Tuesday, September 4, 2007

The Importance of Finding Your Sense of Place

I was over on IndiaMikes earlier and there was a posting from a young English woman in Delhi asking "when will I ever feel like I'm home?" It got me thinking about how lost I've been feeling. Don't get me wrong, people have been incredibly gracious and go out of their way to help us get whatever we need, but I just don't have that sense of autonomy that I am so used to.

As a person who has set up households in many different states of the U.S., I had come to think of myself as pretty self-sufficient. I could take whatever I needed and get whatever else when I got there. But here, the rules are completely different. When I ask someone in my office to help me find, for example, paper towels, they'll typically tell the office boy who will get me paper towels. When I ask how do I arrange a driver for tomorrow, someone runs off and does it. All I have to do is show up and a car is there. Now I don't take this for granted. The fact that people are willing to manage this stuff for me is certainly something I appreciate. The issue I have with this is that it makes me completely dependent on the kindness of strangers, and I'm no Blanche DuBois*... or am I?

After being in Kolkata for, what, five weeks now(?) I still can't get myself from point A to point B without completely stressing out. I can't feed myself unless I go to a restaurant. Sure, I have found some food stores, but they are lacking certain must haves, like, hmmm... meat. vegetables. I still haven't found kitty litter or how to buy gin by myself. I am hampered by a great many hurdles, most of my own doing.
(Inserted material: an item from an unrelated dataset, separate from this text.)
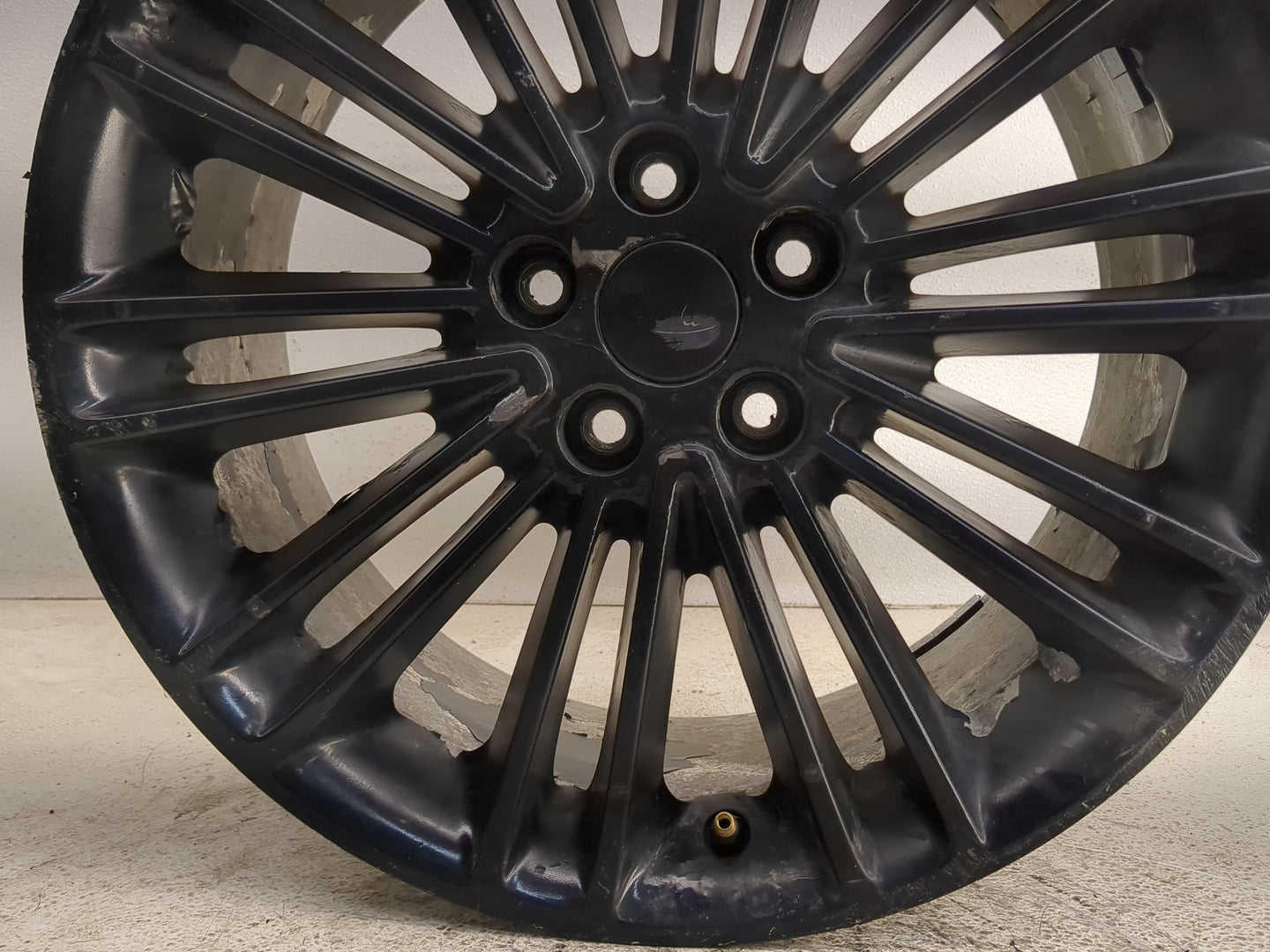 2013-2016 Ford Fusion Oem Wheel Rim 1356647 - Oemusedautoparts1.com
A good friend at work keeps telling me to meet my neighbors and get feedback from them regarding who to hire as a cleaner, driver, etc., but being from the U.S., I have a general unease when it comes to meeting people in my building. Basically the premise is, the better you know your neighbors, the higher the possibility that they'll want to borrow your stuff, the more they'll think they can ask you to turn your music down, and the more they'll expect you to invite them to your parties.

It is of general consensus to anyone who calls me a friend that I don't make friends easily, that I generally blow them off a couple of times before I actually show up, but once I open up to a friendship, I am the loyalest of friends. I have never been accused of being outgoing, just outspoken.

What does this have to do with India? I have a personality flaw, a serious one, that makes life much more difficult here than it has to be. If someone came to me, all wistful and full of handwringing like this, I'd pretty much tell them to knock it off and get over it.

I've located a liquor store on the way home. It's a hole in the wall. When we passed it yesterday, I noticed that there was a grate over the front of the store and a number of men milling around. I plan on being assertive and joining the fray in my search to build up some semblance of a bar for entertaining. This will be my first discovery on my own since I moved here. Not knowing the language, being a woman, being a foreigner, oh well... let's see what happens. Next time, it will be lawn chairs or the purchase of a can opener. Hey, a girl has to have her priorities...


* It's always nice when you can add a Tennessee Williams reference to your writing. The sultry air of Calcutta makes me feel required to do so occasionally. The play is called "A Streetcar Named Desire". Blanche Dubois is one of the main characters, a faded beauty who always "depended on the kindness of strangers". She slowly goes insane during the play.

3 comments:

Kenneth said...

jeanne ,do not , i repeat, do not go to that hole in the wall place and ask for gin. ask someone in the office, a man, to get you a bottle and pay him the price, ask for blue riband, which is a good indian brand, and will be infinitely cheaper than so-called imported liquor and less likely to be adulterated.follow the same procedure if you, as a woman, want to buy cigarettess.although when asking the guy, find out first whether he drinks/ smokes or is a teetotaller or he might take offence at being asked. in indian society a "cultured" woman does not buy her own booze or cigarettess.its has strangely to do with trappings of immorality. hell, in bengal and bihar it is usually the man of the house who shops for the groceries and veggies, woman fight shy of mixing with "lower classes" in public markets.
kenneth

Anonymous said...

This is the first time I am reading ur blog, though I have read ur mails to the JJarch grp. Hmm, after reading what you have to say I feel you would have blended in with the mumbai crowd better than Kolkata. Everyone said that when I go abroad I could get a culture shock and i must prepare for it however the shock came only when i got back to mumbai after a gap of 3 yrs from australia. Mumbai had changed - what I mean is that you no longer needed to access holes to get your bottle of gin. (this was however not the only change-...but then I could go on...so will leave it for another day).
ramya

Avipriya said...

Hi,
Me Priyanka, born and brought up in Calcutta and recently came to the Sates for my PhD. I just found your blog interesting and how a woman struggle in Calcutta being from the United States. I am also struggling here, but in a different way. Taking help from people in Calcutta is very normal. So, don't feel bad about that. People don't mind to help there and it's natural. I understand, that expecting help from others makes people dependent....but it's taken for granted there! And one advise though I am no one to give advise.....Don't buy liquor from hole. There are very good bars and restaurants in Calcutta at park Street. You can visit those bars for drink and food.